<<<<

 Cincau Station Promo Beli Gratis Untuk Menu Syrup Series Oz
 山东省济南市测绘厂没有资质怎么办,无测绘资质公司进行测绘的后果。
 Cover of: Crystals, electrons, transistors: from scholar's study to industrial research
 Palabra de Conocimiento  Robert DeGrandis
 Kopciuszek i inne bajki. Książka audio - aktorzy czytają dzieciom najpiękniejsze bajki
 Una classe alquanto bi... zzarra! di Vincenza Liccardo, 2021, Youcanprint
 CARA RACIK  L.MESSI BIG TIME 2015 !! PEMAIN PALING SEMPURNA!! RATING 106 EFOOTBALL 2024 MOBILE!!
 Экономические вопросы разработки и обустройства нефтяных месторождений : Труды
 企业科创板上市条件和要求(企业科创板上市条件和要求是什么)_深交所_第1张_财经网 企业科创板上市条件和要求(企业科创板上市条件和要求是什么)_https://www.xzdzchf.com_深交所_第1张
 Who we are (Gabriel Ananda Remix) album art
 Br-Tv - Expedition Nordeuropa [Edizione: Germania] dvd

>>>>
<<<<

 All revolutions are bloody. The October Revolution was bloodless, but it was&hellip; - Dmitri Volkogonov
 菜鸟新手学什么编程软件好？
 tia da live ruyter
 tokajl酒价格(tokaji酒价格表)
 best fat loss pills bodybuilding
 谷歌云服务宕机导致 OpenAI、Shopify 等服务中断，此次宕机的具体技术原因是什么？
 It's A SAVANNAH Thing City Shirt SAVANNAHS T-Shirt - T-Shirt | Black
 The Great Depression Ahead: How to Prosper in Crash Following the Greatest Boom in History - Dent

>>>>

**EXERCISE:**
Among the entries above, locate the lines containing "菜鸟新手学什么编程软件好？" and "The Great Depression", and transcribe exactly those two lines and all lines between.

**OUTPUT FOR THIS EXERCISE:**
 菜鸟新手学什么编程软件好？
 tia da live ruyter
 tokajl酒价格(tokaji酒价格表)
 best fat loss pills bodybuilding
 谷歌云服务宕机导致 OpenAI、Shopify 等服务中断，此次宕机的具体技术原因是什么？
 It's A SAVANNAH Thing City Shirt SAVANNAHS T-Shirt - T-Shirt | Black
 The Great Depression Ahead: How to Prosper in Crash Following the Greatest Boom in History - Dent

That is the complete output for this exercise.